##### Source information #####

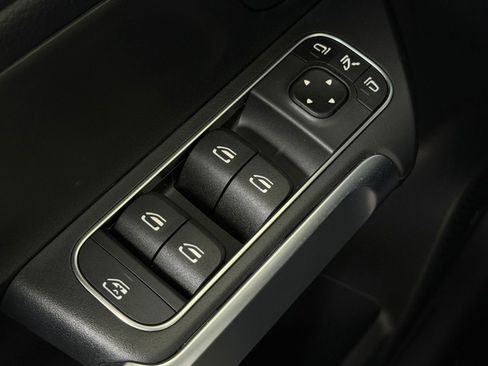 Certified 2024 Mercedes-Benz GLB 250 4MATIC image 22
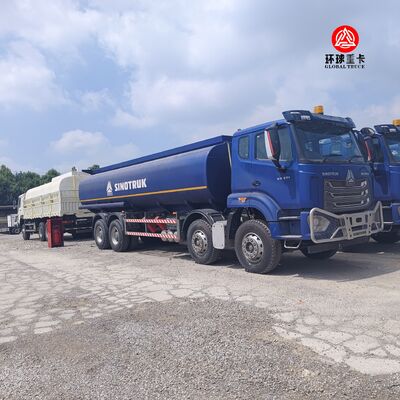 HOWO NX 8x4 30000L 연료 탱크 트럭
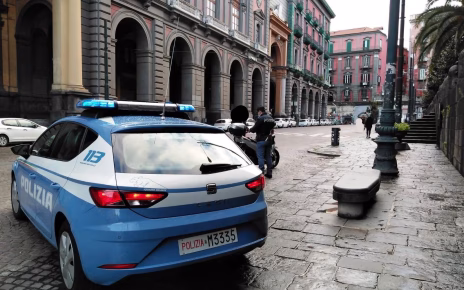 polizia napoli via foria 1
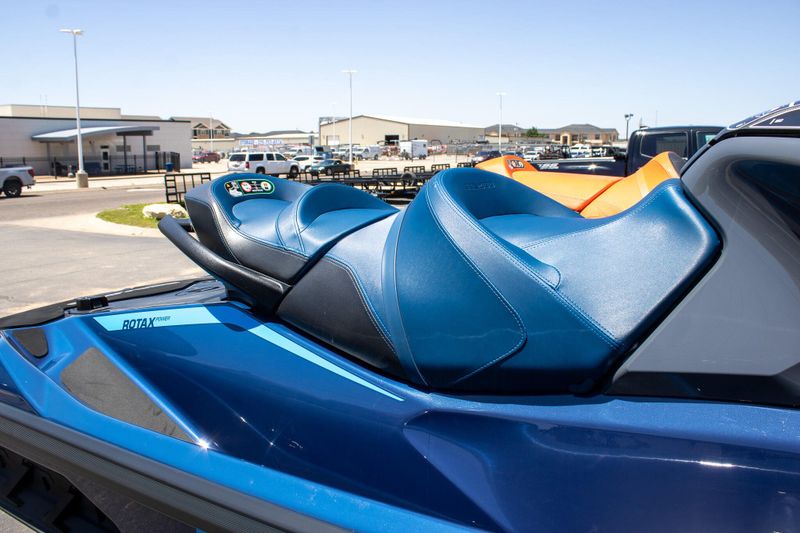 NEW 2026 SEADOO GTX 300 WITH SOUND SYSTEM Image 8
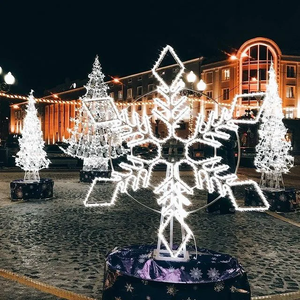 Decoración Navideña Impermeable para Exteriores en Oferta, Escultura Decorativa Personalizada de Copo de Nieve en 3D con Luces LED - Product Image 1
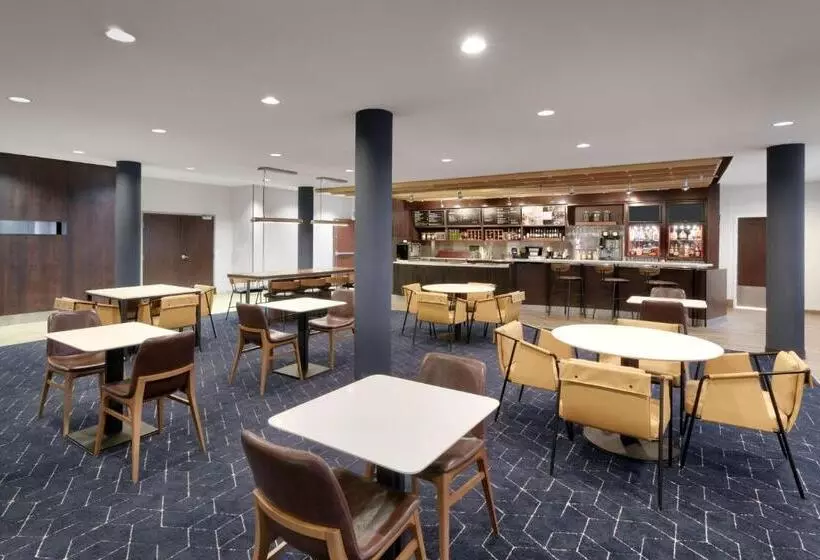 Courtyard By Marriott Johnson City
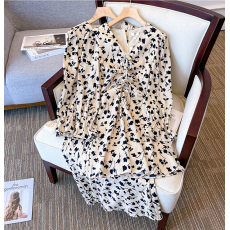 批发实拍2026春装大码女装抽绳碎花连衣裙收腰显瘦设计感裙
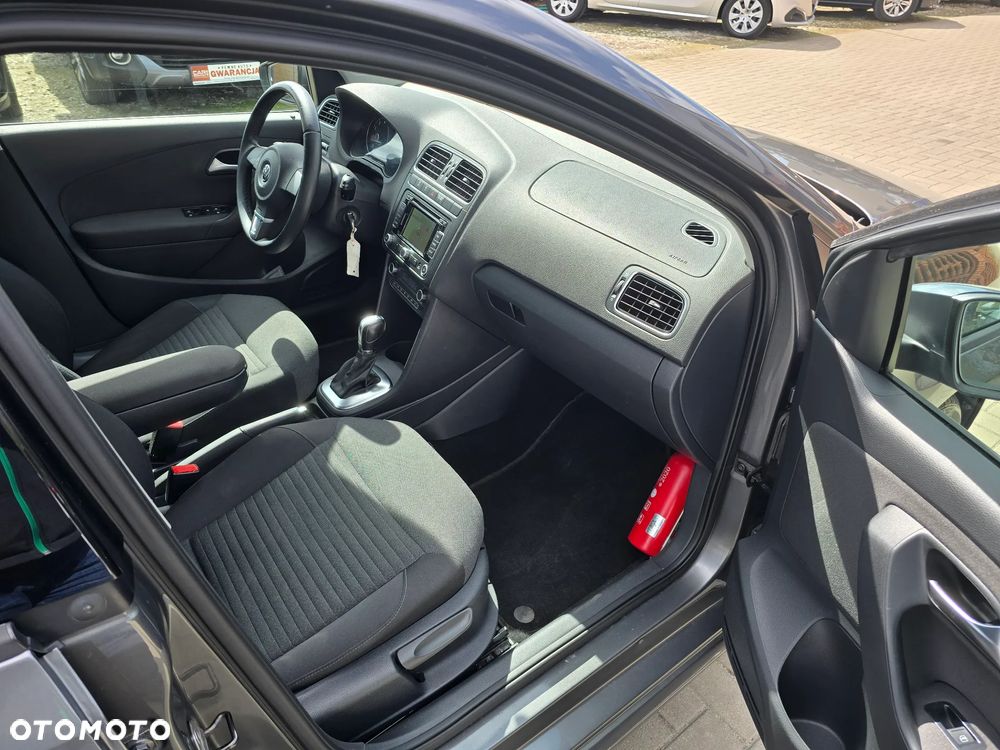 Volkswagen Polo - 11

#####

Requirement: Print the listing word for word, but omit the pictures.

Answer area:
 Certified 2024 Mercedes-Benz GLB 250 4MATIC image 22
 HOWO NX 8x4 30000L 연료 탱크 트럭
 polizia napoli via foria 1
 NEW 2026 SEADOO GTX 300 WITH SOUND SYSTEM Image 8
 Decoración Navideña Impermeable para Exteriores en Oferta, Escultura Decorativa Personalizada de Copo de Nieve en 3D con Luces LED - Product Image 1
 Courtyard By Marriott Johnson City
 批发实拍2026春装大码女装抽绳碎花连衣裙收腰显瘦设计感裙
 Volkswagen Polo - 11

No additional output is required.